Buchhandel der Antike
Obwohl in der klassischen Antike die gängige Form der Textverbreitung die private Abschrift war, muss es schon früh auch einen Buchhandel gegeben haben.
Griechenland bis zum Hellenismus
Im antiken Griechenland werden Buchhändler erstmals von den Komödiendichtern des 5. Jahrhunderts v. Chr. in Athen erwähnt. Sokrates (gestorben 399 v. Chr.) kannte, wie Platon berichtet, Buchhändler an der Athener Agora. Auch die überlieferten Bücherkäufe der großen Philosophen des 4. Jahrhunderts v. Chr. (Platon, Aristoteles) zeigen, dass es einen Buchhandel gegeben haben muss. Aber noch für den Hellenismus, die Zeit der großen Bibliotheksgründungen (Alexandria, Pergamon), gibt es keine Zeugnisse, die über einen organisierten Buchhandel Auskunft geben.
Rom und römisches Reich
Erst über den Buchhandel im Rom der späten Republik (seit dem 1. Jahrhundert v. Chr.) und der Kaiserzeit ist aus verschiedenen Erwähnungen in der zeitgenössischen Literatur Näheres bekannt.
Autoren
Autorenhonorare scheinen nicht bezahlt worden zu sein. Allerdings schrieben viele gerade der bedeutenden Autoren nicht, um ihren Lebensunterhalt zu verdienen. Cicero oder Tacitus z. B. waren vermögend. Für sie gehörte literarische Produktion zum Lebensstil. Wer mit Buchpublikationen Geld verdienen musste, konnte sein Werk einem Gönner widmen, der sich günstigenfalls in Form einer finanziellen Unterstützung erkenntlich zeigte. Da es keinen urheberrechtlichen Schutz gab, konnten die Schriften antiker Autoren auch ohne deren Zustimmung vervielfältigt und gehandelt werden. Frei verfügbar waren auch die Werke bereits verstorbener Autoren, von denen vor allem die griechischen und lateinischen Klassiker für den Schulunterricht immer wieder nachbeschafft werden mussten. Auch von den Privatbibliotheken wird eine nicht geringe Nachfrage ausgegangen sein. Um Autoren und ihre noch unveröffentlichten Werke bekannt zu machen, wurden Lesungen (lat. recitationes) veranstaltet. Schon Asinius Pollio soll, wie Seneca erwähnt, in der von ihm gegründeten ersten Bibliothek Roms solche Veranstaltungen durchgeführt haben. Einen ausführlichen Bericht über Autorenlesungen im Rom der frühen Kaiserzeit gibt Plinius der Jüngere in einem seiner Briefe.
Verleger
Der Autor schrieb die Urschrift seines Werkes selbst oder diktierte sie einem Schreibsklaven. Das Autorenmanuskript wurde einem Verleger übergeben, der es durch professionelle Schreiber, die oft seine Sklaven waren, vervielfältigen ließ. Vor der Auslieferung wurde von einem Korrektor (gr. diorthotes; lat. corrector) Korrektur gelesen; allerdings klagt der Geograph Strabon (63 v. Chr.–19 n. Chr.) über unkorrigierte Exemplare im Buchhandel Roms und Alexandrias. Aus dem Briefwechsel Ciceros mit seinem Verleger und Freund Atticus geht hervor, dass dieser auf Wunsch des Autors sogar Bücher, die bereits im Handel waren, zurückrufen ließ, um nachträgliche Korrekturen auszuführen.
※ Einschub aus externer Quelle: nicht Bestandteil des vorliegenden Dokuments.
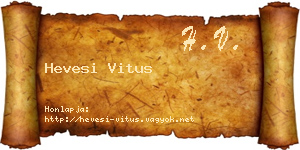 Hevesi Vitus névjegykártya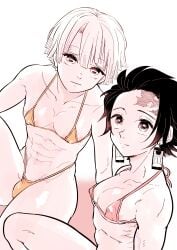 2boys abs alternate_costume areola_slip areolae bikini bulge crossdressing demon_slayer earrings facial_scar femboy kamado_tanjirou kimetsu_no_yaiba large_areolae looking_at_viewer male male_only male_with_breasts micro_bikini nipple_bulge restricted_palette short_hair small_breasts swimsuit take_758 thick_eyebrows twink zenitsu_agatsuma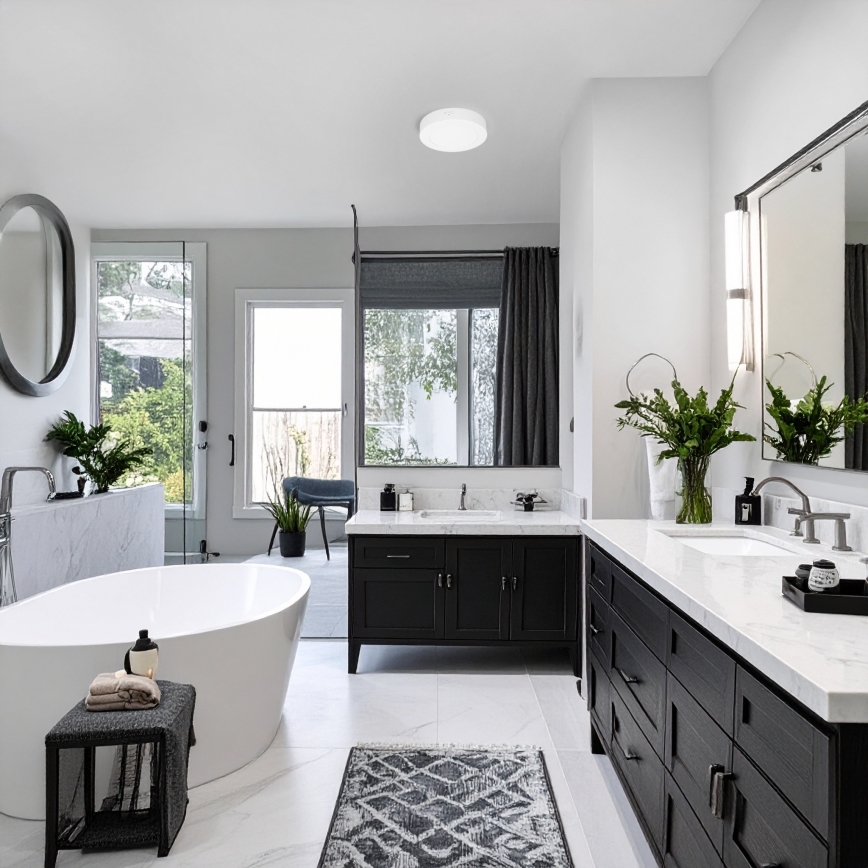 LED Přisazený/podhledový panel 2v1 LED/12W/230V 3000/4000/6000Kpr.17cm IP54 bílá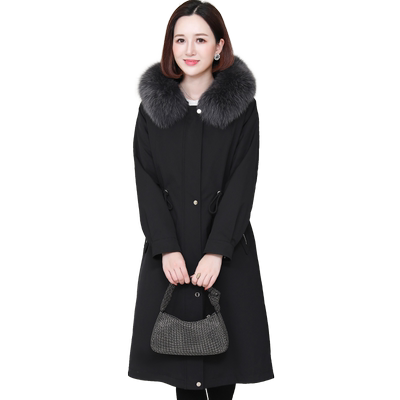 冬季皮毛一体皮草外套派克服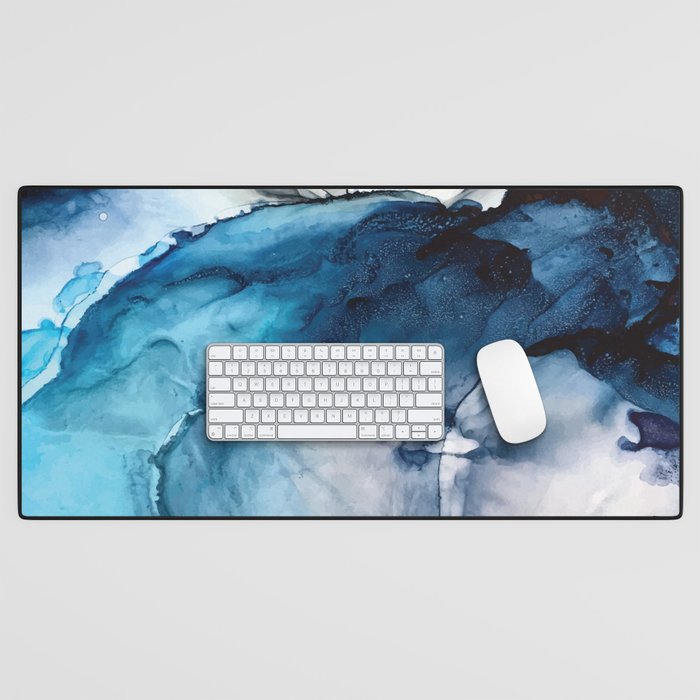 White Sand Blue Sea - Alcohol Ink Painting Desk Mat Gallery Image 1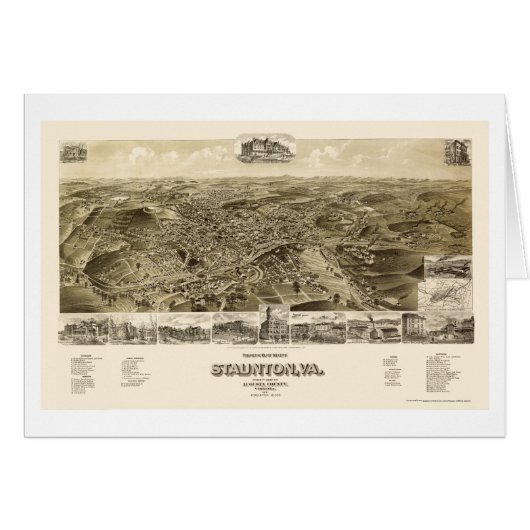Staunton, VA Panoramic Map - 1891 Cards (Front Horizontal)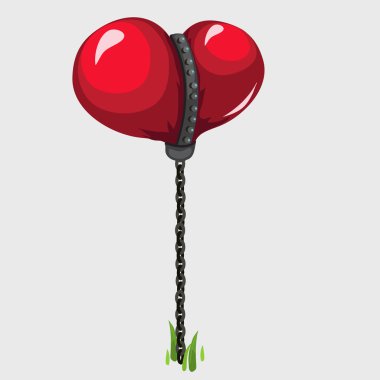 Zincir halinde düzenlenen kırmızı kalp şeklinde balon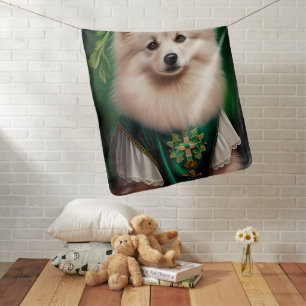 American Eskimo dog in St. Patrick's Day Dress Baby Blanket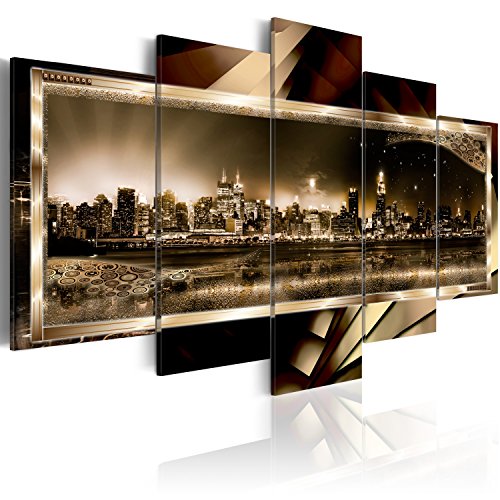 Cuadros B&D XXL - Cuadro en Lienzo New York 100x50 cm 5 piezas - Impresión en material tejido no tejido cuadros decoracion salon modernos lienzos - city panorama Ciudad Abstracto 020111-27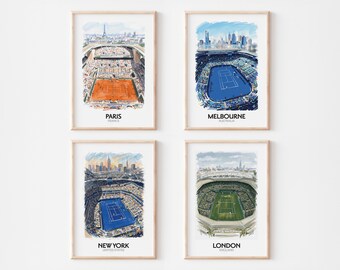 Tennis Court Posters - Vintage Minimalist Style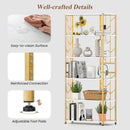 6-Tier Bookshelf Modern Geometric Bookcase with Heavy-duty Metal Frame and Anti-tipping Kits by LJGDeals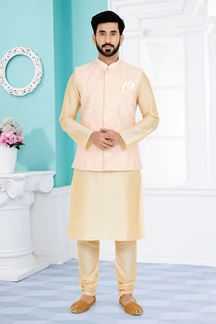Picture of  Royal Cream and Light Peach Designer Men’s Kurta Jacket Sets for Engagement, Festivals, Reception, Sangeet, and Party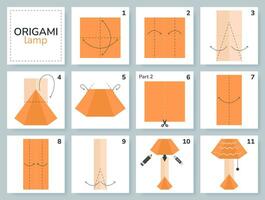 Lamp origami scheme tutorial moving model. Origami for kids. Step by step how to make a cute origami floor lamp. Vector illustration.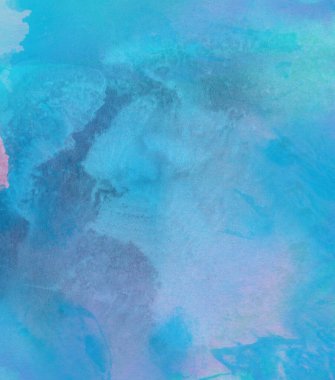 Watercolor in blue and purple red on texturized paper. Abstract poster color hand painted background.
Die Schreiber wurden nach der Zahl der geschriebenen Zeilen entlohnt; im Preisedikt Diokletians (301 n. Chr.) sind drei abgestufte Tarife genannt. Der Berechnung des Schreiberlohns diente die Zeilenzählung am Rand des Textes (vgl. Stichometrie). Da der Preis privater Abschriften auf dieselbe Weise ermittelt wurde, müssen Handschriften mit stichometrischen Angaben aber nicht unbedingt aus dem Buchhandel kommen. Zu einem Exemplar eines Buchhändlers gehört möglicherweise eine Papyrusrolle der Universität Mailand, die am Ende eines Ilias-Kommentars in griechischer Schrift den Namen Sosos trägt. Der in Ägypten gefundene Papyrus könnte aus dem römischen Verlagshaus der Brüder Sosius kommen, wo auch die Episteln des Horaz (65–8 v. Chr.) erschienen sind.
Händler
Oft vertrieben die Verleger ihre Bücher selbst. Ein gewisser Dorus verlegte und verkaufte das Geschichtswerk des Livius (59 v. Chr. bis 17 n. Chr.). Verleger und Buchhändler zugleich war im 1. Jahrhundert n. Chr. auch Tryphon, der Quintilians Lehrbuch der Rhetorik und die Gedichte Martials im Programm hatte. Sozusagen Sortimenter waren in Rom, ebenfalls im 1. Jahrhundert n. Chr., Atrectus und ein gewisser Secundus, der die Gedichte Martials schon damals in einem Pergamentkodex anbot.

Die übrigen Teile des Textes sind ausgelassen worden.